I recently came across an online discussion that mentioned this very interesting article, Usage and Attribution of Stack Overflow Code Snippets in GitHub Projects, by Sebastian Baltes, Stephan Diehl, is a study of certain licensing issues in Stack Overflow, a discussion site for software developers. Stack Overflow applies the CC BY-SA 3.0 license, a copyleft license for content, to contributions, and there is an ongoing debate as to the suitability of those license terms.
The study analyzes the attribution of “non-trivial” Java code snippets to estimate rate of usage that did not comply with CC-BY-SA notice requirements. The study found that “at most 1.8% of all analyzed repositories containing code from SO used the code in a way compatible with CC BY-SA 3.0. Moreover, we estimate that at most a quarter of the copied code snippets from SO are attributed as required.”

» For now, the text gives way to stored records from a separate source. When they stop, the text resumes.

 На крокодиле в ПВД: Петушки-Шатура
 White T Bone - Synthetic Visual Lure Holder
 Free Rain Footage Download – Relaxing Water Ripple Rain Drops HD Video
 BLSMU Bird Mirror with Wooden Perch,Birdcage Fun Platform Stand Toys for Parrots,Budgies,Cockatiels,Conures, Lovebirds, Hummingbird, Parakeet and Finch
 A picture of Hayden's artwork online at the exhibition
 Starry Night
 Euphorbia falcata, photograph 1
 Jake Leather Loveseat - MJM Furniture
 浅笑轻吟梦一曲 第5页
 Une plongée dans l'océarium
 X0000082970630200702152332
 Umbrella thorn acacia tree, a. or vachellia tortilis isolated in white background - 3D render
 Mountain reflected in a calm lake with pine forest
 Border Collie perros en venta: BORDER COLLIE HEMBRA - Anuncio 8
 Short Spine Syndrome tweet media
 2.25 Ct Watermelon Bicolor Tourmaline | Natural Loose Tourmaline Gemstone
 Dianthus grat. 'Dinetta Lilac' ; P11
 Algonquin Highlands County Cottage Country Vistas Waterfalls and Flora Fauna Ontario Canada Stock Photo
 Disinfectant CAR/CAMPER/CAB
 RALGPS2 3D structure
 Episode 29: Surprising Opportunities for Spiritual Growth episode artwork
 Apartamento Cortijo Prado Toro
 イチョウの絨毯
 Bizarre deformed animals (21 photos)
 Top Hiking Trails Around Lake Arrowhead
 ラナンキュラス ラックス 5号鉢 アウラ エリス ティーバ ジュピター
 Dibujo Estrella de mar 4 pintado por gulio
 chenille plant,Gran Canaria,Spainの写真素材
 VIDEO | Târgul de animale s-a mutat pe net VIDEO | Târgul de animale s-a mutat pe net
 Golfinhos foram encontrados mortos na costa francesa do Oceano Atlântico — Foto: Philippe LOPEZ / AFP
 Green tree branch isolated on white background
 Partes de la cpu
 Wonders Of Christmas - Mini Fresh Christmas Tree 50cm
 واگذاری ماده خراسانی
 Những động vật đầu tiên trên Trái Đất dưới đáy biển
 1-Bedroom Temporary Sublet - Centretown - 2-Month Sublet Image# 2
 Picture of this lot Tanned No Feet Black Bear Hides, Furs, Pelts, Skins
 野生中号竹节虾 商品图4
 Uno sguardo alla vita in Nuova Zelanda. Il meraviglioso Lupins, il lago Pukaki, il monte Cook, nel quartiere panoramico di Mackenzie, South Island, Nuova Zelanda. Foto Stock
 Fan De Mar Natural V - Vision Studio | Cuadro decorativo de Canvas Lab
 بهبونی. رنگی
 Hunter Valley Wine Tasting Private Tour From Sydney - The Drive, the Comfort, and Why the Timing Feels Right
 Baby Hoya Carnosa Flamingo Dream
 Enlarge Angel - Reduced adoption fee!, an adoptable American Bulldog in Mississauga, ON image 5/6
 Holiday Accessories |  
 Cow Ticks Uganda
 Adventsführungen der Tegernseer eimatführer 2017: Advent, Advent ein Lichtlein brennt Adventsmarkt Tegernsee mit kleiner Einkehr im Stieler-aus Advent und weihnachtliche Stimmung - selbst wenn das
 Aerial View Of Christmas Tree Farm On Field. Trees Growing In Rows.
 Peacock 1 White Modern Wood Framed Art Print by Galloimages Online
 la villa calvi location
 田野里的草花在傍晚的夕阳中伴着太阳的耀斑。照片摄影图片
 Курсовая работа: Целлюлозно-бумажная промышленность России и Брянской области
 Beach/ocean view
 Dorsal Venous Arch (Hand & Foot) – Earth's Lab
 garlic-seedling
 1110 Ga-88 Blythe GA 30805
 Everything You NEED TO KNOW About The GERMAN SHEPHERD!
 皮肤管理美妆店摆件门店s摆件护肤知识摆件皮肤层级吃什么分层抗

It is a fascinating topic, and it is refreshing to find a practical and empirical analysis of a licensing issue. (This article by Chaiyong Ragkhitwetsagul, Jens Krinke, and Rocco Oliveto also reports the results of surveys of Stack Overflow answerers and visitors to assess awareness to outdated code and software licenses.)
Those who do M&A deals and other open source compliance efforts know that the average code audit usually turns up a handful of these items. While many so-called snippets are short and may not enjoy copyright protection, that legal conclusion can be challenging to make, and unsatisfying to the risk-averse. To avoid uncertainty, buyers often want such snippets removed, resulting in additional engineering costs that are expended to manage small but non-zero legal risks. It is in economic terms a tax on development activity.
A project to convert Stack Overflow code contributions to a permission license, MIT, died on the vine in 2016. That is unfortunate. Discussion boards would better serve their community by requiring contributors to apply permissive licenses — or even public domain dedications or licenses with no attribution requirements — to small code examples. At least that should be the default choice. It seems doubtful that most contributors care enough about any copyright they may have in code snippets to apply — or enforce — significant conditions on what they contribute. Given the choice, they would probably be happy with permissive terms. Moreover, many of the contributions are taken from other sources and contributed without attribution of upstream license terms, which may or may not be compatible with CC-SA.